The intention behind the notification to the Minister is to afford the Minister scope to intervene to seek to minimise job losses, where possible. However, in practice (until recently), such notifications have not generated a response. In what is certainly a change from ordinary practice to date, we have recently seen the Minister respond to acknowledge receipt of the notification, request additional information or simply seek further clarity on various components of the proposed redundancies. While this change in approach indicates the Ministerial notification requirement is no longer a "tick the box" exercise, the extent to which the Minister will seek to be more actively involved in any consultation process (beyond the foregoing) remains to be seen. 

At a high-level, what does an individual redundancy process look like?  

Depending on the circumstances, a selection exercise may be required where two or more employees are employed in the same or similar roles, to determine which role(s) will be placed at risk of redundancy. Any selection process must be based on objective, non-discriminatory selection criteria that is applied in a consistent and transparent manner. 
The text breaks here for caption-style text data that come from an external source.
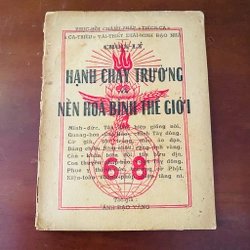 Hạnh chay trường và nền hoà bình thế giới 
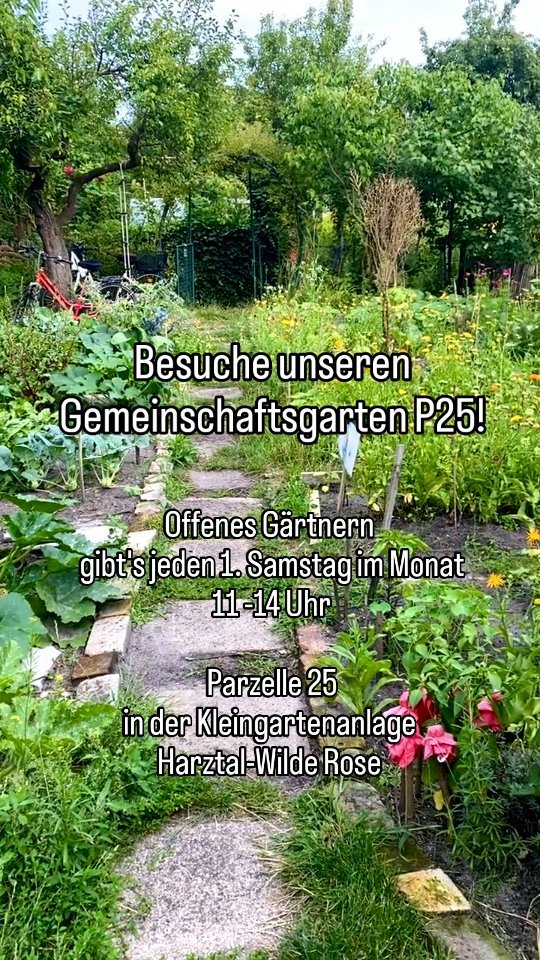 🌱Offener Garten im Gemeinschaftsgarten P25 🌿
Du suchst einen grünen Rückzugsort in der Stadt und möchtest den P25 kennenlernen?
Jeden 1. Samstag im Monat 11-14 Uhr (März - Oktober) gibt es hier die Möglichkeit Gemeinschaftsgartenluft zu schnuppern.
Wer sich für eine intensivere Teilhabe interessiert, kommt hier auch mit den Gemeinschaftsgärtner*innen ins Gespräch. 🥰🍃
Der Garten befindet sich in der Kleingartenanlage Harztal-Wilde Rose in der Parzelle Nr. 25!😍💚
Frohes Gärtnern!🧑🌾
#HarzAcker #HarzAckerP25 #HarztalWildeRose #parzellex #pflanzdeinkiez #urbangardening #urbangardeningberlin #communitygardening #gemeinschaftsgarten #urbanfarming #baumscheiben #workshop #partizipation #kleingartenanlage #qmharzerstrasse #stadtnatur #umweltbildung #gesundeernährung #neukölln #harzerkiez #konsumfrei #gruen #senatsverwaltung #berlin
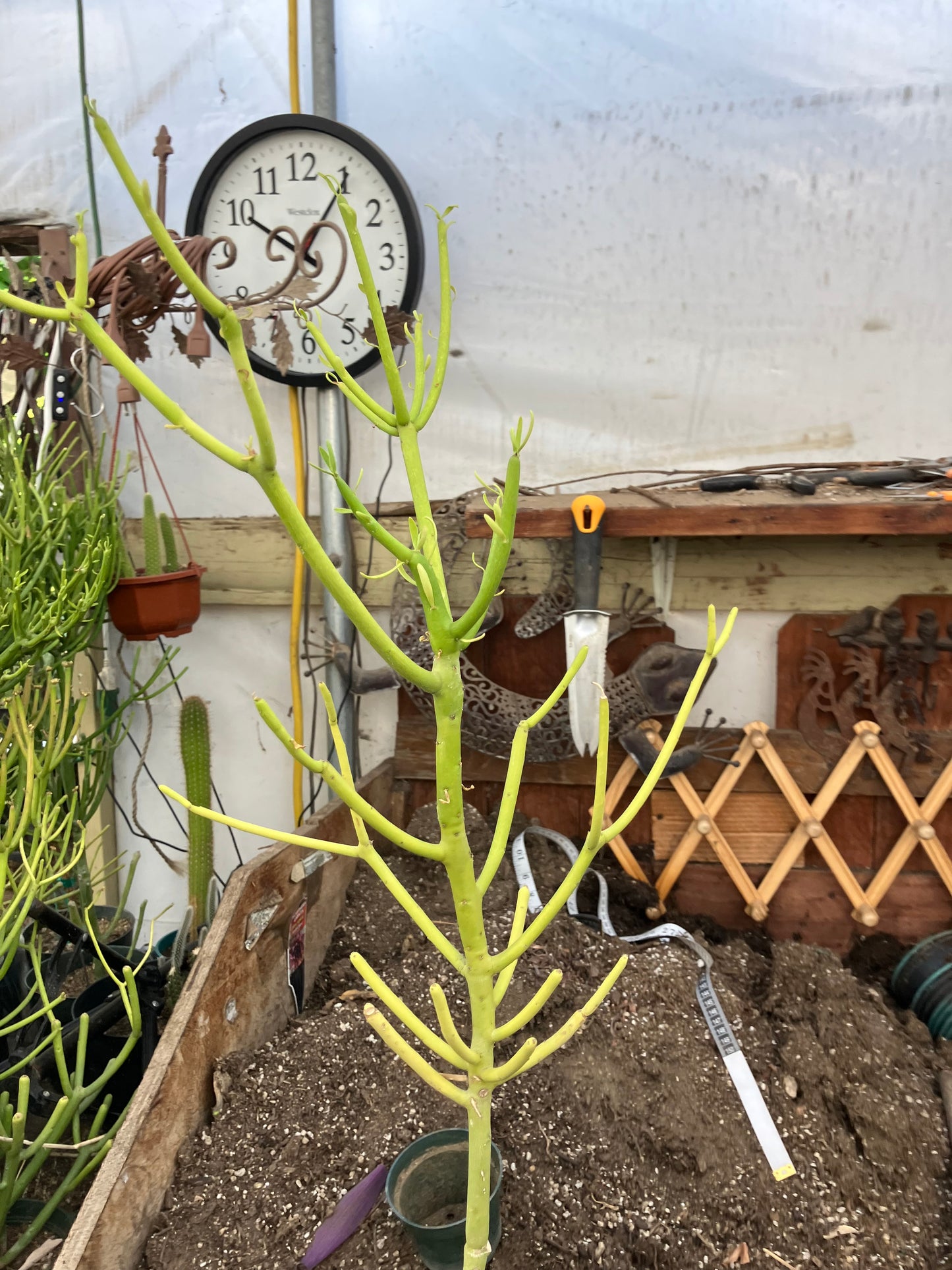 Euphorbia tirucalli Pencil Cactus/Succulent 30"Tall 9"Wide #312Y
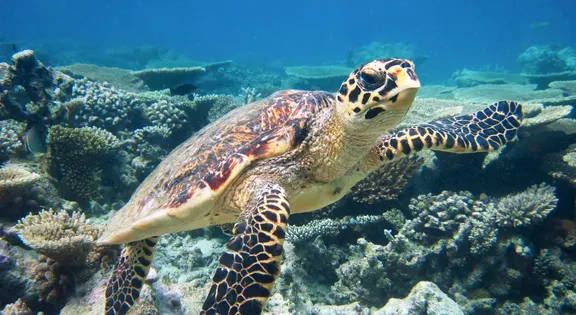 Turtle at One&Only Reethi Rah
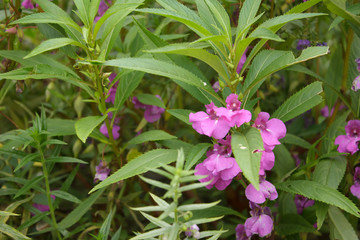 pink flowers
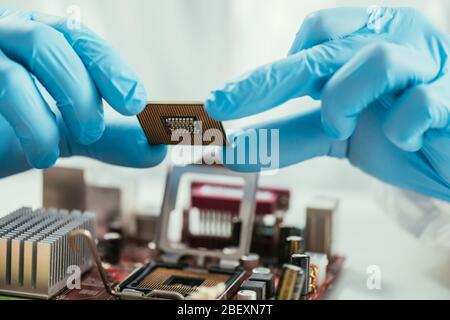 vista parziale del tecnico che tiene il microchip vicino alla scheda madre del computer Foto Stock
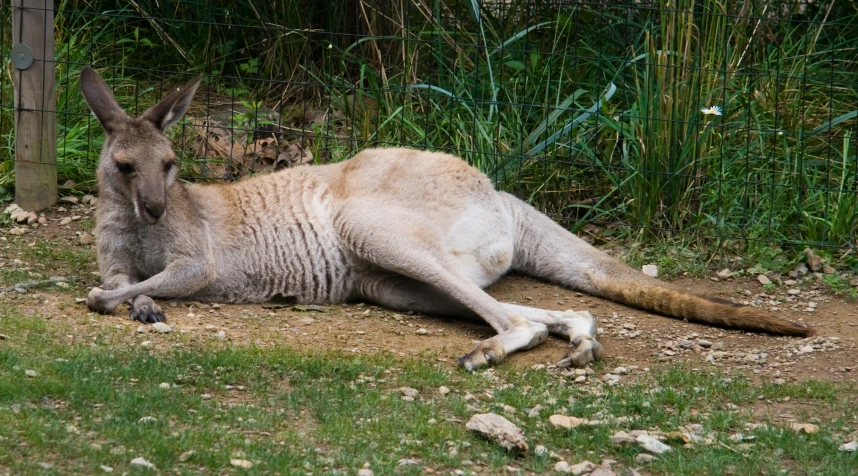 a kangaroo lying on the ground near some grass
Unlike in the case of collective redundancies, there is no statutory obligation on an employer to consult with an employee in an individual redundancy situation. The obligation to consult is instead implied through the onus on employers to act reasonably. When effecting a redundancy, a fair process involves explaining the objective business rationale for the proposed redundancy, informing the impacted employees that their role is "at risk" of redundancy, and holding a number of consultation meetings to explore proposed alternatives (including any suitable alternative roles or redeployment opportunities) to making the role redundant. 

Short-circuiting the individual redundancy process 

Employers typically hold a number of consultation meetings running over a period of between two and four weeks, depending on the circumstances of the proposed redundancy and what suggestions are being considered. Many of the recent headlines have turned on somewhat "short-circuited" redundancy processes. Some key trends include whether or not an individual redundancy consultation process can be completed within one week or whether or not IT / office access can be cut off prior to the conclusion of the consultation process. These trends have certainly generated headlines and, in addition to the employee relations issues that may arise, the legal risk with these approaches is that the meaningfulness of the consultation processes may be called into question. 

Employee communication ending up in the hands of the media

Organisations should be cognisant that regardless of documents being marked "private and confidential" or employees being fully advised of the requirement to maintain confidentiality in respect of the process, relevant correspondence and details of how the process is being run could end up in the court of public opinion (i.e. news outlets or social media platforms). Careful and considered drafting of the documentation involved in the process and strict adherence to pre-prepared scripts will mitigate any potential PR fall-out. 

Conclusion 

When effecting redundancies in Ireland, take note of the following: 

  • Remember the formula! Fair reason + fair process = fair dismissal on the grounds of redundancy
  • Preparation is key
  • Consider if the reason for the redundancy can withstand scrutiny by the WRC
  • Who will run the process and check that they have the relevant corporate authority
  • Expediting a process can undermine meaningful consultation
  • Consideration must be given to alternatives to the proposed redundancy
  • Keep a paper trail as evidence that fair procedures were afforded and the redundancy situation is genuine and based on objective grounds
  • DSARs are a sharp tool in an employee's arsenal so beware of what is recorded in writing!